Ray Villanueva-Aswani is the Product Design Lead at Butternut Box, the UK's home for fresh dog food delivery. She tells us about the process and challenges behind moving towards a continuous user research and discovery motion, and how rapid research tools like Ribbon support them on their research journey.
Axel (00:01): Hi there, everyone. Axel here from Ribbon. Ribbon is a user research platform that makes it super easy for product and user research teams to do in-product and continuous user of research with their actual customers. Joining us today is Ray from Butternut Box, and I'll let Ray talk more about what Butternut Box do and what her team focuses on. So, Ray, would you like to quickly introduce yourself? And then we can dive straight into a conversation understanding more about how Butternut Box goes about research and discovery and all things like that.
Ray (00:30): Nice. Sounds good. Hey, all, I'm Ray. I'm the Product Design Lead here at Butternut Box. The aim of Butternut Box is to deliver health and happiness to our dogs and humans all over the world, we believe that dogs deserve better, and we do this in the form of our food. We deliver fresh meals to them, directly to their door, to deliver that health and happiness that all our dogs love. I've been at Butternut now for one and a half years, and I look after four designers across our digital product and I oversee design initiatives that goes through our web and app experiences.
Axel (01:04): Awesome. Super excited to chat with you. Could you, to kick us off, maybe tell us a bit more at a high level about the role that research and discovery plays at Butternut Box and what the typical process for that looks like in your setup?
Ray (01:16): Yeah, sure. I would say we're actually a really customer-centric business, so it's not really hard to conduct research within Butternut. It's ingrained in part of our processes and it's actually part of our purpose and beliefs that I mentioned earlier, so it's not just a product engineering culture, it's a business culture in itself, which I'll touch on later in the details of that. But fundamentally, research is part of our processes, as it not only tells us behavior or sentiment of what exists today, but how we can make it better tomorrow for our customers. So, it actually is the root of all our prioritizations and decision making within the business, and we find it incredibly valuable just knowing that also we can challenge back if there's not enough confidence or not enough research has been conducted, so we do it to develop that confidence and making sure that we are solving the right problems for our customers.
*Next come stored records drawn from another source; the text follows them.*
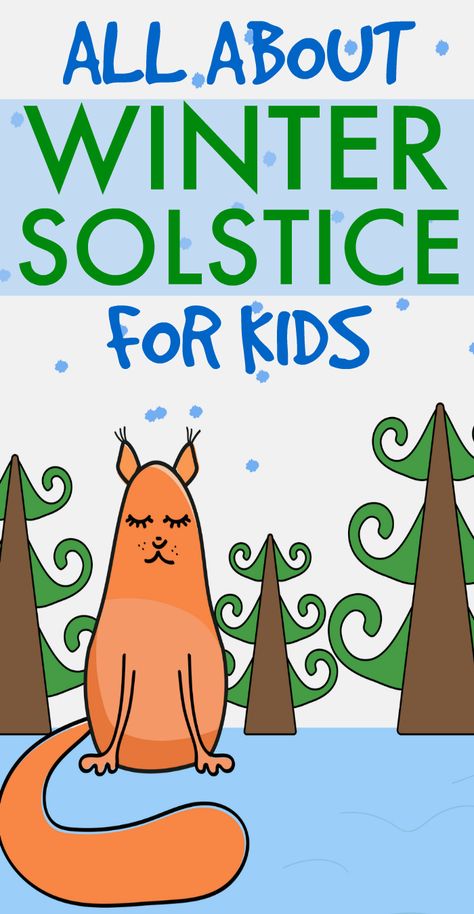 Winter solstice activities for kids and winter solstice celebration ideas. #winter #wintersolstice #lessonsforkids #holidaycelebrations Preschool Winter Solstice Activities, Winter Solstice Homeschool, How To Celebrate Winter Solstice, Winter Celebrations For Kids, Winter Solstice Crafts For Preschool, Celebrating Winter Solstice, Winter Solstice Food Ideas, Winter Solstice Kids Activities, Winter Solstice Preschool Activities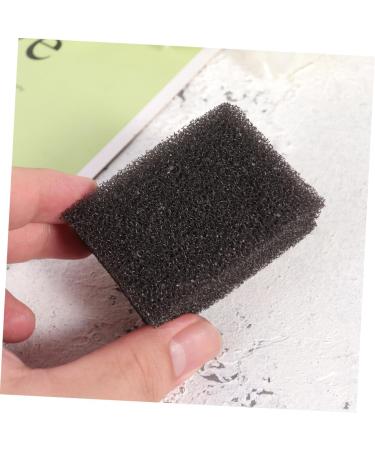 Angoily 1pc Special Effects Makeupsponge Cosplay Facial Cleaner Stipple Sponge Makeup Cosmetic Bags Bulk Makeup Sponge Brush Scar Sponge Special Effects Makeup Sponge Sponges Props Make up - Buy Online on GoSupps.com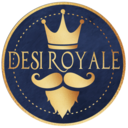 desiroyale avatar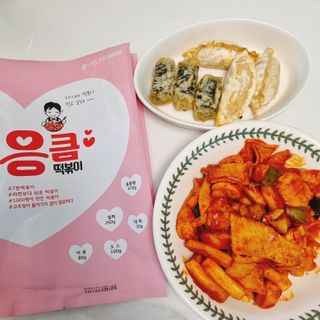 초록누리님이 올린 리뷰 사진 1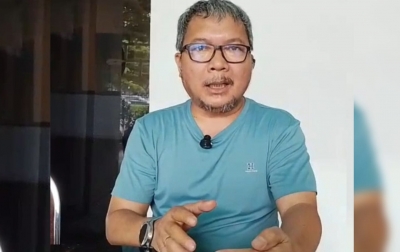 Kantongi Putusan MA, Koperasi Siap Ajukan Eksekusi Lahan Sawit 47.000 Ha di Padang Lawas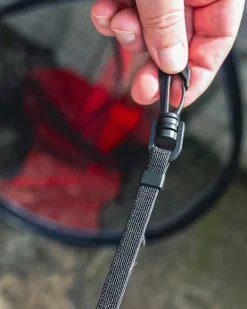 Fox Rage Short Mag Net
Axel (02:09): That's super, super interesting. Has that always been the case? That journey looked like? How did you get to where you're today in terms of the state of research?
Ray (02:18): To be honest, when I joined it was already often one of the questions, is, "Has this been validated?" Or, "Have you done user research on this?" How we go about doing that has changed since I joined. Obviously, we have to be quite creative with how to do research, so, often the team would email directly customers, ask them to join a Zoom or a Meet call and get them to speak through their thoughts of some designs, et cetera. But since then, we've just been using more tools and trialing out unmoderated testing to see whether that gives us more valuable insights while we get on with other things as well. So, it's also proven quite successful for us in allowing us to dedicate other time while that research is happening in the background as well.
Axel (03:08): Interesting. Who typically is involved in executing and taking part of the research process?
Ray (03:16): Specifically in the digital product team, or as different departments around the business?
Axel (03:20): I think both would be interesting to understand a bit more about.
Ray (03:24): Cool. I was going to say, it's not an exaggeration, but I would say almost all departments conduct their own form of research. Marketing have their insights manager who collect research from a customer sentiment point of view, NPS, segmentation, all of that and informs almost the wider business initiatives and prioritization. We also have an NEPD team. In case you don't have that, it's a New and Existing Product Development team, and they have a pool of customers which they call tastemakers, and they're the ones that they get in touch with to trial out products before they're released, like recipes, snacks, et cetera, and giving us feedback on how to improve those.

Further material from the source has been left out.